Sheriff Ron Peckman and his staff need more space for a kitchen large enough to allow safe meal-preparation, and this includes a commercial dishwasher.

They need more free and unemcumbered space for private interviews, and the inevitable deputy paperwork.

And, now that we're on the subject of space, how about a room or two for long-term prisoners who need counseling services, or those who wish to earn their GEDs?

If our picture of small-town prison life has been shaped by the harmless 1960s TV antics of Barney Fife on "The Andy Griffith Show," then maybe we'd better wake up to the bleak and drug-born-dangerous reality of the 21st century here in Nevada and elsewhere in rural Missouri, where it's just as bleak and dangerous. Human lives are, and will be, at stake here in our town.

You may be tempted to react to these cries for help by thinking, "Well, it serves the prisoner right. I stuck to the straight and narrow all my life, so why shouldn't he/she?"

Well, maybe our humanitarian instincts take a brief but very deep nap whenever the subject of prisoners comes to the surface. (especially since the subject of taxes is never far behind.) In the end, however, a human being is a human being, the law is the law, and if our jail is breaking the law, all of us will eventually be brought to account for it.

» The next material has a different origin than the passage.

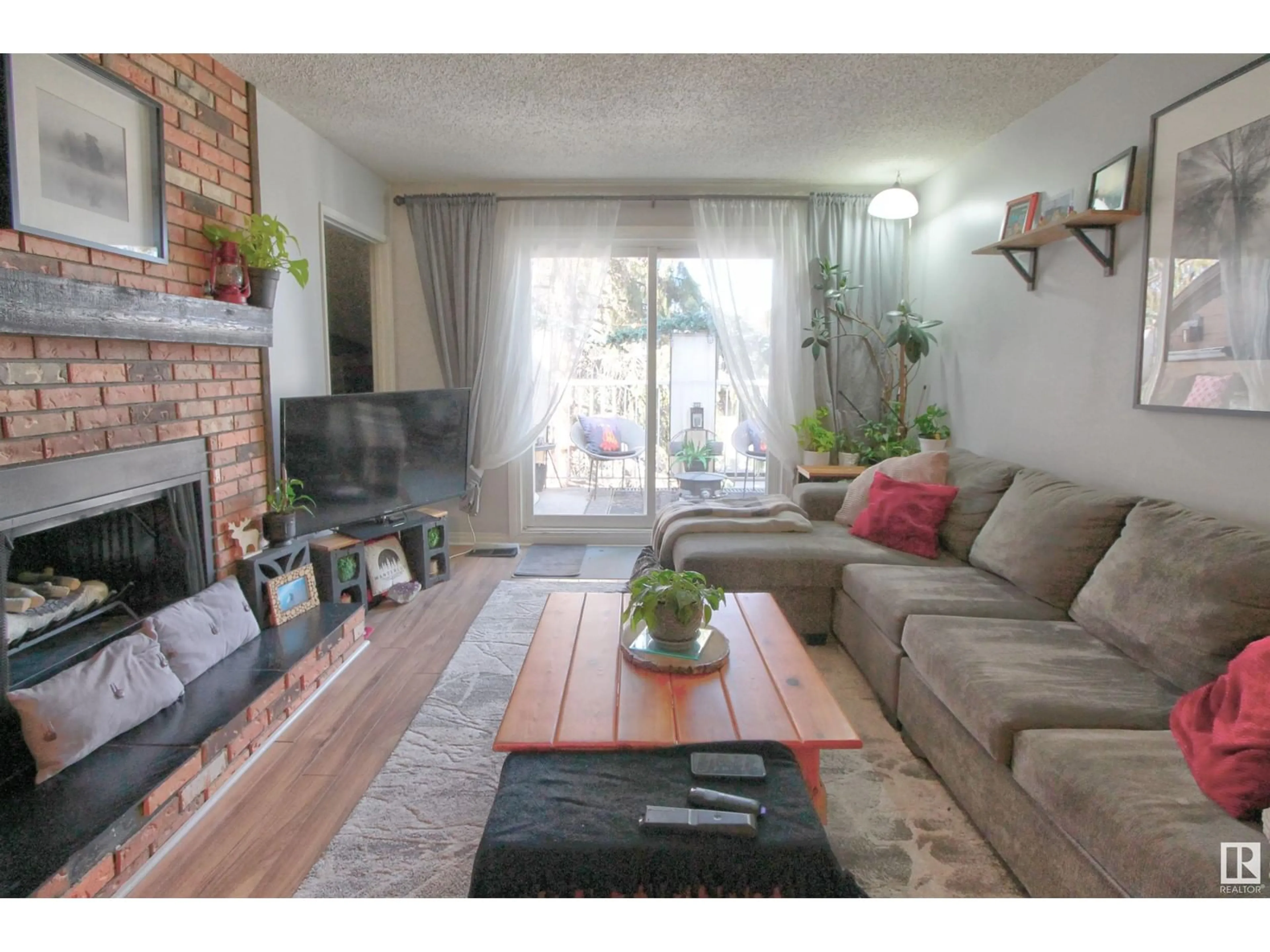 Living room with furniture, wood/laminate floor for #306 - 22 ALPINE PL, St. Albert Alberta T8N3Y2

Sheriff Peckman reports that 90 percent of Nevada's prisoners are here for drug-related offences. What happens when a violent prisoner decides it's time to act up, and can't resist the temptation in such a funky, easy-to-flaunt jail? How long will our luck last?

We need a new and larger jail, with the new and advanced technology that is normal in today's jails, and it does no good to simply ignore our need or look at it as someone else's responsibility. We've done that for years. The world of penal technology and standards has advanced tremendously since Jesse James was among us.

Now, it's high time for us to face the music and vote "YES" on April 3.